Robyn (nee Carlsson) cut her teeth on bubblegum pop in the late ’90s under the tutelage of Max Martin (it’s apparently Max Martin Week on my blog); you might remember “Show Me Love,” but I prefer the “Candy”-soundalike “Do You Know (What It Takes).” But then something mysterious happened: she left her label, went away for a while, reinvented herself with an edgier electropop sound, and was suddenly stockpiling hipster cred. “Handle Me” (from 2005’s Robyn, which wasn’t released in the US until 2007) isn’t too different, musically, from her Max Martin days, but a subtle-but-sharp image shift and Eurotrash influences made all the difference.

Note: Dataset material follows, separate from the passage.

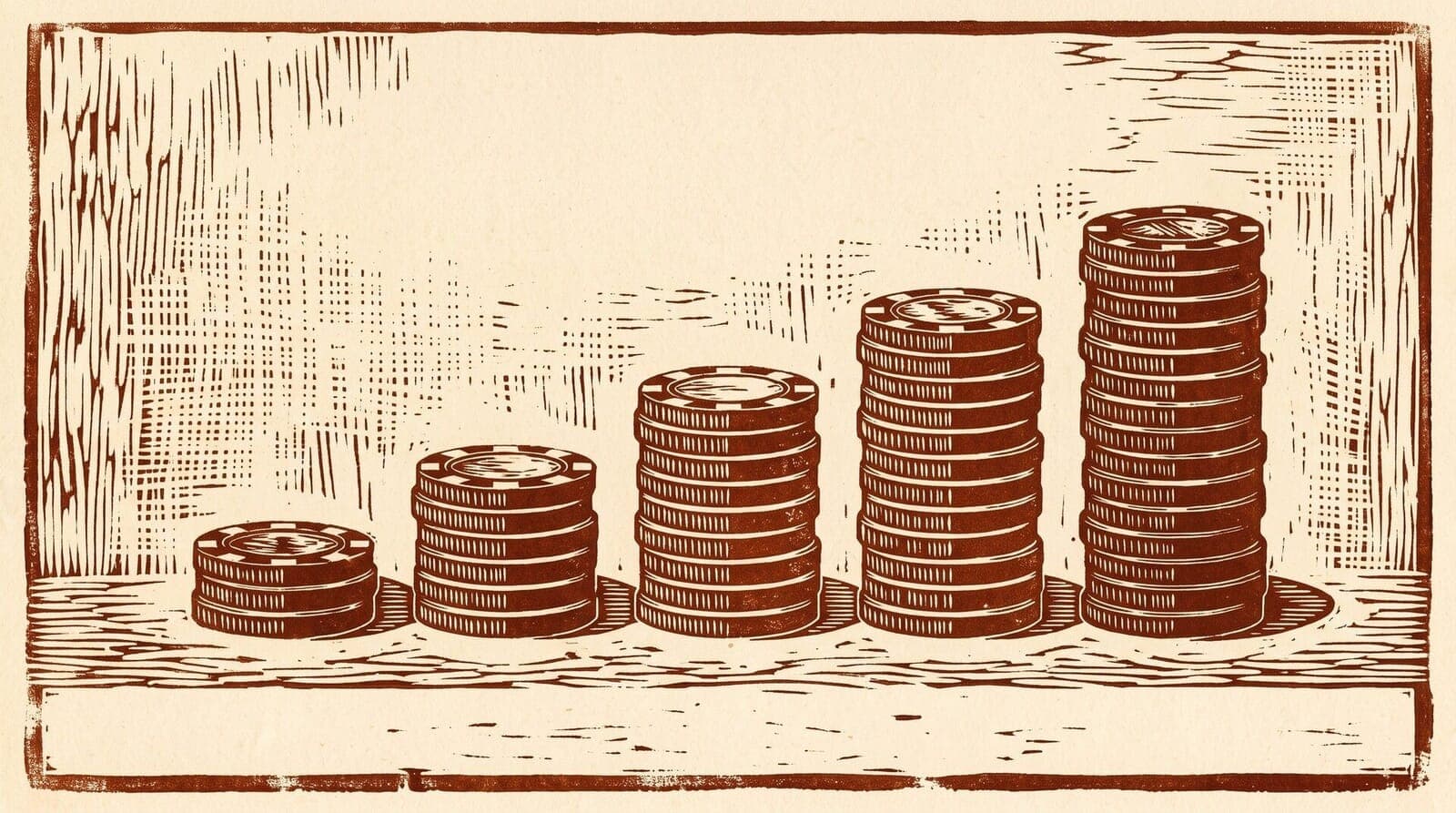 How many chips to deal out in poker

By the time Body Talk Pt. 1 was released in June of this year, she was getting tons of attention from music tastemakers, particularly for the excellent single “Dancing on My Own,” which jangles along with a technoesque beat and ’80s instrumentation while still being carried by a pretty killer hook.
But I’ve always preferred “Hang With Me” to “Dancing,” though they are similar records. I think it’s a stronger vocal performance (though Robyn is always surprisingly capable in this department), and the hook is simply transcendent, especially with that chord change on the “if we agree” bit. The way the noodly synth line explodes with the cymbal crash, as the vocals soar above it, make this song something more than the kind of pop that Max Martin’s putting on the radio now.
After I heard this song for the first time, in JT’s minivan, I listened to it literally on repeat for days. That’s the sign of a good radio hit. Or, at least, it should be.